I've been thinking over the last few days of what has happened in the world over the last twenty years and how it's dovetailed with my own life.
November 9, 1989 was a tremendous day--the day the Berlin Wall came down. It was a few weeks before Thanksgiving in my senior year of high school, and we were talking about it nonstop in my European history class with Mrs. Parker. (She liked to say that she had much in common with Queen Elizabeth 1, being a strong woman with red hair.) For me, it was an amazing but not totally unexpected moment. I had spent the previous year in Model UN representing the USSR and Hungary, so I had been following the progress of history in Eastern Europe. I was just a kid, had never been overseas, but the thrill of reading about momentous events in world history as they happened was one that I will never forget. It was a feeling that lasted though the late 90s, when I wrote a thesis on Russian foreign relations and worked on technical assistance programs in the former USSR. (Foreign Policy magazine has a gallery of photos from the year.)
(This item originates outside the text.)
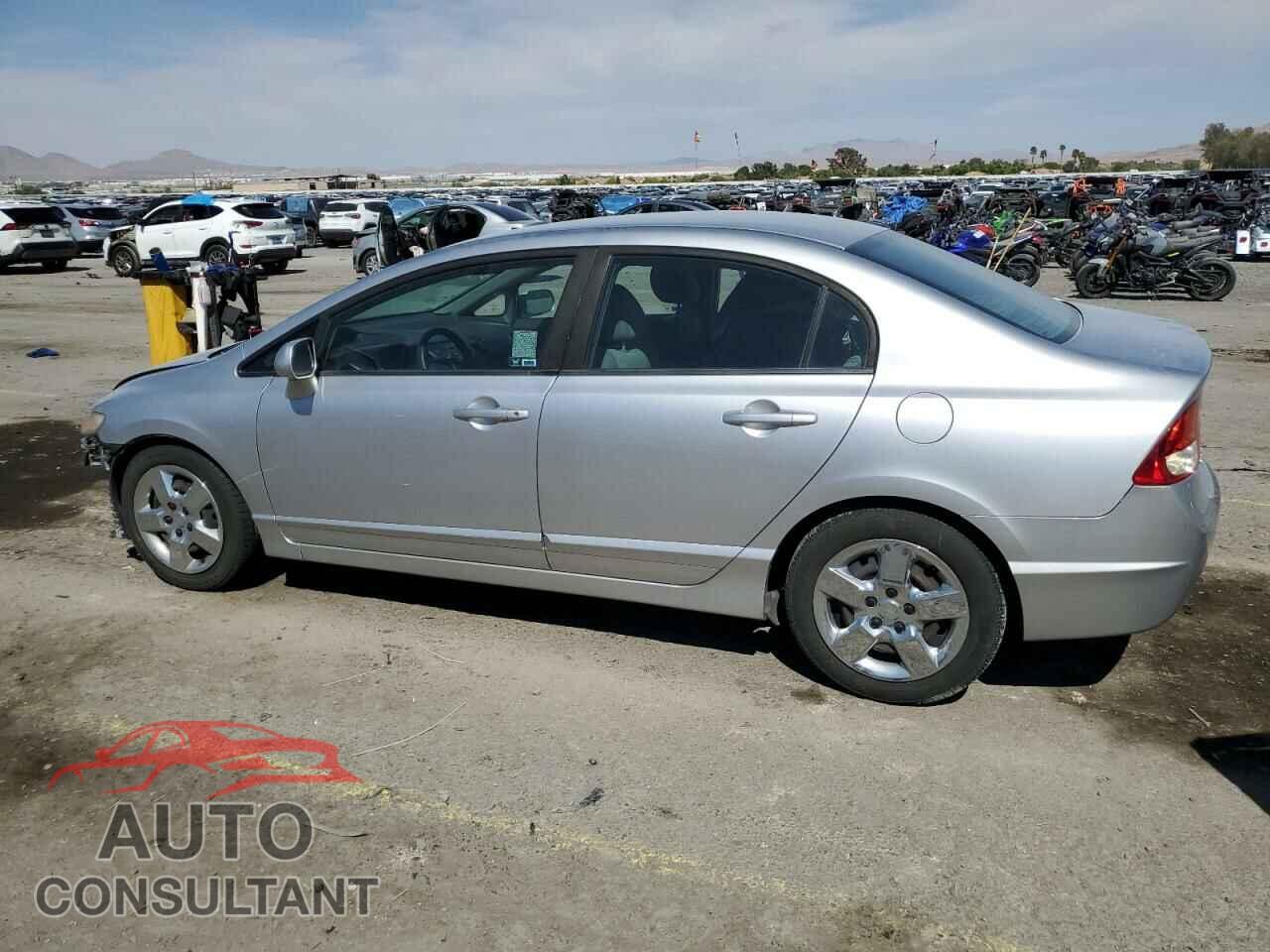 HONDA CIVIC 2010 - 19XFA1F5XAE066600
It's hard to believe that it was twenty years ago. There was so much optimism about the future of humanity. Francis Fukuyama wrote about "the end of history." The only sour taste for me was hearing about how Ronald Reagan won the Cold War. He and Margaret Thatcher were did very important things, no doubt--in particular, recognizing Gorbachev as an agent of change and giving him credibility. But I've got to think that Gorbachev and his allies had a lot more to lose if things had happened differently. Gorby, we easily forget, was temporarily toppled by a coup two years later. He's still reviled in his own country for giving away the Soviet empire.
And ten years ago, I had just moved back from New York. The Yankees had just won a world championship under Joe Torre in the old ballyard. I was back in Washington working after finished graduate school, interned for AIG, and interviewed for a job in the World Trade Center. I think often about how, for very different reasons, neither of those edifices exist any more. I'm grateful for those experiences, but have come out of the last decade with a great sense of faith in how things have worked out, and how they will hopefully continue to do so.
I didn't have a cell phone, didn't use e-mail that much--how different things were then. Which is why it's so interesting to me that the Yankees have just won the World Series for the first time in nine years. I will confess that I'm a long-time Yankee fan. My primary allegiance is to the Nationals--I waited 33 years for a hometown team--but have rooted for the Yanks since I was a kid. So it made me very happy to see Derek Jeter and the lot win for the first time in a long time.
So, I think this is one long meditation on "plus qu'il change, plus que c'est le meme chose." I'm continually tickled by the order of things, and count my blessings. I'll hopefully be doing the same thing twenty years from now.